Carbon Dioxide (CO2) is a colorless, odorless non-flammable gas and is the most prominent Greenhouse gas in Earth’s atmosphere. CO2 producing culprits include power plants 33%, factories and home heating systems 33%, cars and trucks 22% and major transportation 12%. It is recycled through the atmosphere by the process of photosynthesis, which makes human life possible. Carbon Dioxide is emitted into the air as humans exhale, burn fossil fuels for energy, and deforest the planet. The U.S. continues to emit more than any other country in the world, accounting for 22.2% of all emissions. Other important CO2 emitters include China (18.4%), European Union (14.7%), Russia (5.6%), India (4.9%), Japan (4.6%), and Canada (2.3%).
We use coal, oil and natural gas to generate electricity, heat our homes, power our factories and run our cars. These fossil fuels contain carbon, and when they are burned, they combine with oxygen, forming carbon dioxide. Deforestation is another main producer of carbon dioxide. The World Energy Council reported that global carbon dioxide emissions from burning fossil fuels were rising. The increase from developing countries was three times of that from developed countries. Middle East carbon dioxide emissions from burning of fossil fuels increased by 35%, Africa 12%, and Eastern Europe 75% from 1990 on ward.
Naturally, if there are more greenhouse gases in the atmosphere, the effect will be more significant and will raise the temperature of Earth more. The planet is heating up and the evidence suggests that human activities are having a significant impact.

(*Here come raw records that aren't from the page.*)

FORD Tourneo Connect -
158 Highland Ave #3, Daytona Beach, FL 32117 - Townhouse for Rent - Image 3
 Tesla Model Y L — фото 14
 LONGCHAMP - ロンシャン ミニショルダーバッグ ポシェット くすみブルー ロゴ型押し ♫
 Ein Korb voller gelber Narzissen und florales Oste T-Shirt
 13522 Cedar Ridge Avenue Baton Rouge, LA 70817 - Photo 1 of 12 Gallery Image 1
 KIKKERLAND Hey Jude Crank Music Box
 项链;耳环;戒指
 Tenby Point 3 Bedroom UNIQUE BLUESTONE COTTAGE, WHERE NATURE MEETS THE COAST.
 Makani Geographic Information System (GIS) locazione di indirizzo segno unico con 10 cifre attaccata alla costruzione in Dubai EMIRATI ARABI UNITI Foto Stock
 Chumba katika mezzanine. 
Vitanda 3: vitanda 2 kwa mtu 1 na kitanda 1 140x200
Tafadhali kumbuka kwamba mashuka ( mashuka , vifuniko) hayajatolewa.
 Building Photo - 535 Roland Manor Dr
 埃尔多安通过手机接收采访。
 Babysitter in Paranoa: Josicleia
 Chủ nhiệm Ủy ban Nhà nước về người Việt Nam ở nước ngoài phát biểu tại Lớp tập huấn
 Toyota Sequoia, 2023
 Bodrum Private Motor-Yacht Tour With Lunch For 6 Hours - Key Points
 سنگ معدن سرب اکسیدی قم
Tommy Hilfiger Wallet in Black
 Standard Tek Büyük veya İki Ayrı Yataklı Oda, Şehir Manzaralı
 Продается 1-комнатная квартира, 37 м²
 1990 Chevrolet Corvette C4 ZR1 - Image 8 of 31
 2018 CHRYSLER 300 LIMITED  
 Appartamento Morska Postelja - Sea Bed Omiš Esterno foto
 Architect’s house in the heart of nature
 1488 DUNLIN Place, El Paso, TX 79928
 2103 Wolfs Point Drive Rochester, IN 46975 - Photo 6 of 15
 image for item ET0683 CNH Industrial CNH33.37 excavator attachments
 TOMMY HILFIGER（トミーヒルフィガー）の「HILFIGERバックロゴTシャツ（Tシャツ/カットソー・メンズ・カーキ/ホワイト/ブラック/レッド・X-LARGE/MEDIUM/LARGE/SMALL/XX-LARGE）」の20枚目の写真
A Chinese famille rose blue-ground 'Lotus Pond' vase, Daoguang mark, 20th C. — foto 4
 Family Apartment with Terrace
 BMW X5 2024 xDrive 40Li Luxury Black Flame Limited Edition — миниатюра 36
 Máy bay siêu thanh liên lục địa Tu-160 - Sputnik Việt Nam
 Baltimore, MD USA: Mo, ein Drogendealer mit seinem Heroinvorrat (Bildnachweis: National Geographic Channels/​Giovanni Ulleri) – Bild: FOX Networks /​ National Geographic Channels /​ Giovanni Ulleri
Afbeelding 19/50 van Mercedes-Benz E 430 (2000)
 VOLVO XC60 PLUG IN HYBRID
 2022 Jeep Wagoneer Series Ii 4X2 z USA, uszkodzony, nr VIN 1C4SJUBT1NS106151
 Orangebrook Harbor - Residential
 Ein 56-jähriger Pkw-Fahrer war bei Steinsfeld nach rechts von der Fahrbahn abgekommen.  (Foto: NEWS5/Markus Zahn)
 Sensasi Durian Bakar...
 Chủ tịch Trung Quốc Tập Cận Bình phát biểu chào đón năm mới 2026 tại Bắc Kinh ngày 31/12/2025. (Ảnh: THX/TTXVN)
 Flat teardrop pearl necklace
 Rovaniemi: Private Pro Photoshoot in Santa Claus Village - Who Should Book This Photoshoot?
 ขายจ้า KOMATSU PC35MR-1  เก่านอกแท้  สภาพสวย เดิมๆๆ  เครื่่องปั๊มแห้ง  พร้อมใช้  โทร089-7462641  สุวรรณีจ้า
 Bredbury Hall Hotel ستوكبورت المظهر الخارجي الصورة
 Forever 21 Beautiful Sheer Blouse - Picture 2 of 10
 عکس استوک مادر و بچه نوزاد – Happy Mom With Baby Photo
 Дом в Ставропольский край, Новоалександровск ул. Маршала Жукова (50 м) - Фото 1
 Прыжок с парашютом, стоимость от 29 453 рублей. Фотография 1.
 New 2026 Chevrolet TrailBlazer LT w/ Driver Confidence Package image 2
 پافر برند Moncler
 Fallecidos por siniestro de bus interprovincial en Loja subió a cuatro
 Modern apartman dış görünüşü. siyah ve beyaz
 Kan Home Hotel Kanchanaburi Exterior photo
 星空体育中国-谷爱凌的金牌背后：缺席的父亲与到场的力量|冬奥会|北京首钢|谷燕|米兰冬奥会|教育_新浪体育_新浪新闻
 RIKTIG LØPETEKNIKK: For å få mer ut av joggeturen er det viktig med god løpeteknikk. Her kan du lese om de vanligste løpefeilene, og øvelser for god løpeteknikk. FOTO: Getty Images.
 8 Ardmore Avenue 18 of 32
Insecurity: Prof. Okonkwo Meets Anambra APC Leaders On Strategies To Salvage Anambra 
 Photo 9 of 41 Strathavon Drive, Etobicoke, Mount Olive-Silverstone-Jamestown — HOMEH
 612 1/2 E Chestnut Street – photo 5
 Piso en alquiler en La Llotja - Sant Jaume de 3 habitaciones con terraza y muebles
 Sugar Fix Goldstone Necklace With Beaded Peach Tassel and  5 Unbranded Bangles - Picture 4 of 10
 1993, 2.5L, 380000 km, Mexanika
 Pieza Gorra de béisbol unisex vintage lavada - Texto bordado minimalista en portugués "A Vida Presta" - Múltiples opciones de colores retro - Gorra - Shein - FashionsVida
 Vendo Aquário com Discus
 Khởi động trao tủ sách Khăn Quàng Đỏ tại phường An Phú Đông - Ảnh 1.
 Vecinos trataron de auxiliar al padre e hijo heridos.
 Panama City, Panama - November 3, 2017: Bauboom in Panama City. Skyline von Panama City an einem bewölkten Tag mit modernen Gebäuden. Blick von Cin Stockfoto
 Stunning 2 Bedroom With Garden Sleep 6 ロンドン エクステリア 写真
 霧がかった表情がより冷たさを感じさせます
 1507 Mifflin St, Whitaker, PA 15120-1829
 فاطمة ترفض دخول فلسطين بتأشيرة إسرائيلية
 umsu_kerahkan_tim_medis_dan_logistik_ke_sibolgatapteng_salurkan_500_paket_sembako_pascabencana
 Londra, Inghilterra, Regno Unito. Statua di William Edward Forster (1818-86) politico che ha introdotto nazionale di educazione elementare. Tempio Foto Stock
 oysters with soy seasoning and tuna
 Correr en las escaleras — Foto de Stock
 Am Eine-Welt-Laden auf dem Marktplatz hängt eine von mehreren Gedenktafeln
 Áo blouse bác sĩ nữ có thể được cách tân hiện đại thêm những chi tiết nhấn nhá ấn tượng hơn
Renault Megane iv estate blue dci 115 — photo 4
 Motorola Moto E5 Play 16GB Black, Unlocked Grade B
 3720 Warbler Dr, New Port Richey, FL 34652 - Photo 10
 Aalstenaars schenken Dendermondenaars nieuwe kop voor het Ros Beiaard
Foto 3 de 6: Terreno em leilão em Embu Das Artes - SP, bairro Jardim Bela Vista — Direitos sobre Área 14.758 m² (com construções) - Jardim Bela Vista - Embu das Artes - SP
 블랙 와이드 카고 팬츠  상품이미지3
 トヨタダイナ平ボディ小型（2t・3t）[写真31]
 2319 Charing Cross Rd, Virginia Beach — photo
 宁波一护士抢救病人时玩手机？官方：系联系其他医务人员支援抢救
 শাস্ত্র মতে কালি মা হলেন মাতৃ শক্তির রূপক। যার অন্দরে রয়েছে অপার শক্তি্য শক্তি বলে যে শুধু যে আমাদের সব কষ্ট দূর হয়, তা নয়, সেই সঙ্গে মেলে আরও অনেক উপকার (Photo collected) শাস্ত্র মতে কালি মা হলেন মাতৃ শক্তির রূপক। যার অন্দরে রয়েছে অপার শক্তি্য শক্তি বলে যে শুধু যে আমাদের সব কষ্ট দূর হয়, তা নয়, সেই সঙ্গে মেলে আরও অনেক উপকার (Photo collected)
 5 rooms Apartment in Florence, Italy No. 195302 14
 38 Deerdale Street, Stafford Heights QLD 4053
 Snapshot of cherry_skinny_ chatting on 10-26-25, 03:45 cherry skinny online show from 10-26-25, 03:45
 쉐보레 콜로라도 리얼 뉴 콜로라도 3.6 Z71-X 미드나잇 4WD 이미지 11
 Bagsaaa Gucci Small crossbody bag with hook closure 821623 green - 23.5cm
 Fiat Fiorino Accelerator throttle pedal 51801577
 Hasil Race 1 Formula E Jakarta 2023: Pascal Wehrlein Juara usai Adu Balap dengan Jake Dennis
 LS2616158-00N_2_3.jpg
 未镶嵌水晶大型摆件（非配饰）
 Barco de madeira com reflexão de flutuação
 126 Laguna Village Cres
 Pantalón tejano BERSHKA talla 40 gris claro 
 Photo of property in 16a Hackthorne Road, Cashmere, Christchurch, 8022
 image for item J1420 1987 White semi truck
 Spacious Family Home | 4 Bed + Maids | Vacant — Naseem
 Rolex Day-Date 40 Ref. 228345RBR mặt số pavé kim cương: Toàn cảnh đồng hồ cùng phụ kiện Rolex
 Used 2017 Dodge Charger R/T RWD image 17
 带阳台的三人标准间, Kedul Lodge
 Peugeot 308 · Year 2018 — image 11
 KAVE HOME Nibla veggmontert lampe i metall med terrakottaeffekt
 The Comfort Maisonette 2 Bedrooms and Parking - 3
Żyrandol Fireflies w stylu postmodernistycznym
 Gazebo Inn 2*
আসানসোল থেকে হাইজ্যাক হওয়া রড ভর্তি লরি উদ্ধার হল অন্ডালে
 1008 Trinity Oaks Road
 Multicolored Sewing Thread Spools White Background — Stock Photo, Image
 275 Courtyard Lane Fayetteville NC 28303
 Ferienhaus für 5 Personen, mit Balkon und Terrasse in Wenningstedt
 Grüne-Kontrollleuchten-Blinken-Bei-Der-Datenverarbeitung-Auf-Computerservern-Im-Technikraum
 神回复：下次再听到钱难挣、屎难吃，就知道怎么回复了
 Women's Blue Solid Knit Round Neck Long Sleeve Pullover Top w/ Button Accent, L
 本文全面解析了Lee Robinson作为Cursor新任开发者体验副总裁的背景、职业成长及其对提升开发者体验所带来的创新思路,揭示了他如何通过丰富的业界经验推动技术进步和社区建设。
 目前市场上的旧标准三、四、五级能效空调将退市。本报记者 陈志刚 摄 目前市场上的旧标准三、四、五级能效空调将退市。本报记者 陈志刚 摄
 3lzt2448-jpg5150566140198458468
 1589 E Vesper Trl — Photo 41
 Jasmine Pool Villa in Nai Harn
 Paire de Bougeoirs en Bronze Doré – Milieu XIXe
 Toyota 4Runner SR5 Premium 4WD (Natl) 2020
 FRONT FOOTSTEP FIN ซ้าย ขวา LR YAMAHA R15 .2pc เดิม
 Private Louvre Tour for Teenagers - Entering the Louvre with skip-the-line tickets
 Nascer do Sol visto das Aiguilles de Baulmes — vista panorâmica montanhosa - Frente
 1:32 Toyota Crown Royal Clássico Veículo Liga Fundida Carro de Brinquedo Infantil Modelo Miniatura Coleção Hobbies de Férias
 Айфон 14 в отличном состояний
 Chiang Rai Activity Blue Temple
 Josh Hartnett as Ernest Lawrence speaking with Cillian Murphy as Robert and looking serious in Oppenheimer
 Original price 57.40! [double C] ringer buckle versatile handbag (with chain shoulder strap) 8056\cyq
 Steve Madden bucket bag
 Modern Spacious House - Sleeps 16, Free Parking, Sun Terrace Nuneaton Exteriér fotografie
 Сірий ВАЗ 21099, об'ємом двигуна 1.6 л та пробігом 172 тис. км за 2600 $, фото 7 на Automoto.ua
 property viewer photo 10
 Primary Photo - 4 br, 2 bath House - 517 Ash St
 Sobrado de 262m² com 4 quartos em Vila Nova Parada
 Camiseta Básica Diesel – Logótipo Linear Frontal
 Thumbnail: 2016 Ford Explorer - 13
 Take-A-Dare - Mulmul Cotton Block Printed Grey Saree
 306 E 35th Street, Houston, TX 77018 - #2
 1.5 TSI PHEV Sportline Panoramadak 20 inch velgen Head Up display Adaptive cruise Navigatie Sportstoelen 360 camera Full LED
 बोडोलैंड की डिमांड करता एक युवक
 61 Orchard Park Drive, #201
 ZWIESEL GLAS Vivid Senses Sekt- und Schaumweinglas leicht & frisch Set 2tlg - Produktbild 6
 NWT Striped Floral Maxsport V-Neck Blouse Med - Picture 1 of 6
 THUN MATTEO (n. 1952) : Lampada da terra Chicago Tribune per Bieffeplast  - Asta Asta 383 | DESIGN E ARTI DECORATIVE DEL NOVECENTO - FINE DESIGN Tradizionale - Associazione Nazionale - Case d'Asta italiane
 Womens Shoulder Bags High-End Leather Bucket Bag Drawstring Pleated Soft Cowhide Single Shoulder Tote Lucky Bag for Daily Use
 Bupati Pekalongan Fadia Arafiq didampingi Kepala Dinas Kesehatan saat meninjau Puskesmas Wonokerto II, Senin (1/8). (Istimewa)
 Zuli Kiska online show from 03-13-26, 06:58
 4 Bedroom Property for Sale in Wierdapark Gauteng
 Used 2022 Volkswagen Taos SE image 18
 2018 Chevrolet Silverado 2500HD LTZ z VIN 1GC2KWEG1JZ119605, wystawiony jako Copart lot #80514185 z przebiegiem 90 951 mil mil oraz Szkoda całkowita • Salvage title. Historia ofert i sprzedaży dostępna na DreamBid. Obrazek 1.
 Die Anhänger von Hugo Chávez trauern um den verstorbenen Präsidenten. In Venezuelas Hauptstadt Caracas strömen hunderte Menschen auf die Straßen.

The Intergovernmental Panel on Climate Change (IPCC) has concluded by consensus that “The balance of evidence suggests a discernible human influence on global climate.” They project that global warming will have severe impacts on human health, natural ecosystems, agriculture, and coastal communities. This evidence supports the common belief that global warming is occurring due to the increased concentration of greenhouse gases in the atmosphere — carbon dioxide, nitrous oxide, methane, and HFC.
There are many environmental problems coming from the increased concentration of greenhouse gases in Earth’s atmosphere. As Jeff Rubin of ABC NEWS reported, “Several signs indicate that we’ve begun changing Earth’s climate: increased water vapour in the atmosphere, glaciers and polar ice caps appear to be melting, floods and droughts are becoming more severe, and sea levels have risen, on average, between 4 and 10 inches since 1990”. Experts concur, “We are already beginning to see this (global warming) taking place — a lot more flooding, a lot more droughts”. Jerry Malham added, “By 2100, we might get a 2-foot sea level rise, but levels might continue to rise. This rise in sea level can increase the salinity of freshwater throughout the world, and cause coastal lands to be washed under the ocean. Warmer water and increased humidity may encourage tropical cyclones, and changing wave patterns could produce more tidal waves and strong beach erosion on the coasts.
Increasing amounts of greenhouse gases in the atmosphere and global warming could also lead to more health concerns. A statement released from IPCC said, “Climate change is likely to have wide-ranging and mostly adverse impacts on human health, with significant loss of life.” As temperatures increase towards the poles, similar to farmland, insects and other pests migrate towards Earth’s poles. Some insects carry diseases such as malaria and dengue fever. Thus, an increase in these particular insects and pests closer to the poles would result in an increase in these diseases. This could lead to 50 to 80 million additional cases of Malaria annually, a 10-15% increase. “Malaria and dengue fever are already beginning to spread pole wards”, said Jane Lubchenco (past president of American Association for the Advancement of Science).
The most obvious health effect is directly from the heat itself. With an increase in heat waves, there will be more people who will suffer from heatstroke, heart attacks and other ailments aggravated by the heat. Warming of the oceans could also promote toxic algae which can lead to cholera.
Global warming causes the oceans to warm and expand, inducing a rise in sea level. Eventually, the rising waters could take away land inhabited by people, forcing them to move. Dr. Robert Buddemieir of the Kansas Geological Survey (USA) said, “Bangladesh is massively populated, achingly poor, and something like a sixth of the country is going to go away”. Bangladesh cannot afford to build barriers to hold back the sea, so people would have to move inland, increasing the population density and leading to an increase in hunger and disease. Recently IPCC states that the atmospheric temperature will be increased by up to 2 degree Celsius in Bangladesh. he Maldive Islands in the Indian Ocean have the same problem. They are a nation of 1190 islands with an average height of about 1.5 meters above sea level. If the sea level rises, more than 200,000 people will have to abandon their homes.
However, the world’s leading scientists project that during our children’s lifetimes global warming will raise the average temperature of the planet by 2 to 6 degrees Fahrenheit (1-3.5 degree Celsius). In contrast the Earth is only 5 to 9 degrees Fahrenheit (3-6 degrees Celsius) warmer today than it was 10,000 years ago during the last ice age. Man-made global warming is occurring much faster now than at any other time in at least the last 10,000 years. The environment day’s slogan this year was ‘Kick the Habit! Towards a Low Carbon Economy’. Life and environment are intimately interrelated. This environment is the safeguard for all animals and plants. Therefore we should come together to save our environment by reducing the harmful green house gases.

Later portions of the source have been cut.